Task prompt:
Write out each line of the material exactly as given, and drop the images.

The data:
────

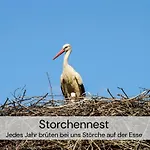 2 Architektenwohnung, Privatsauna, Whirlwanne, Kamin - Naehe Saechsische Schweiz Dresden - Bestprice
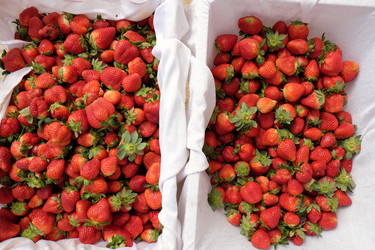 Similar image 11435918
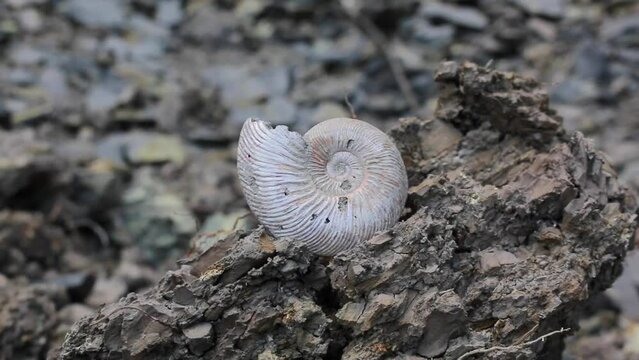 An ancient ammonite clam shell. Paleontological finds.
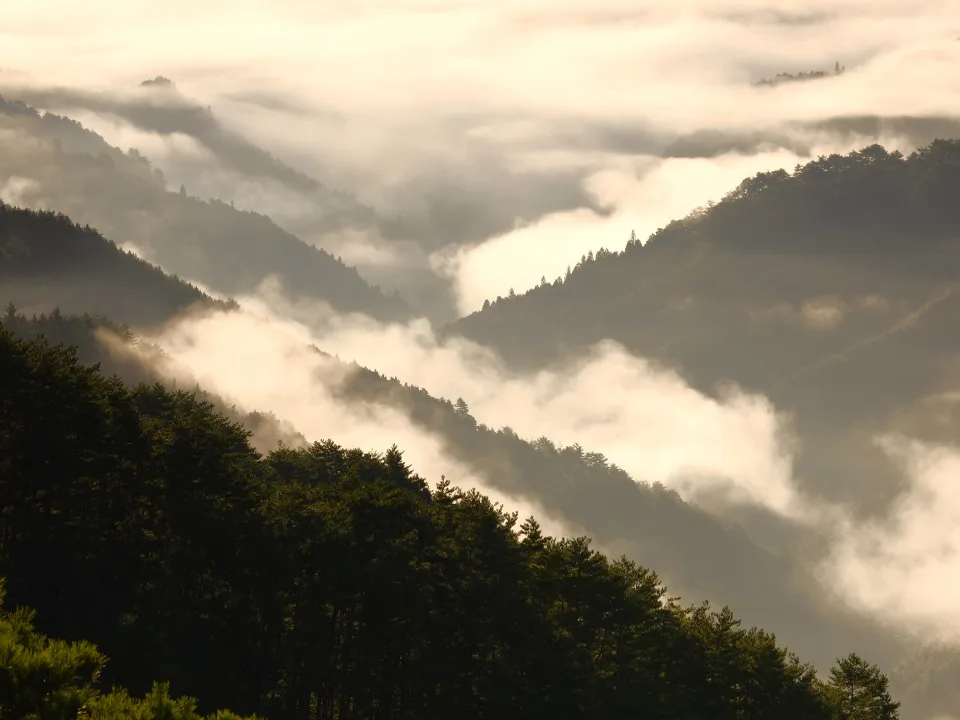 View of the Mountains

────

Response:
 2 Architektenwohnung, Privatsauna, Whirlwanne, Kamin - Naehe Saechsische Schweiz Dresden - Bestprice
 Similar image 11435918
 An ancient ammonite clam shell. Paleontological finds.
 View of the Mountains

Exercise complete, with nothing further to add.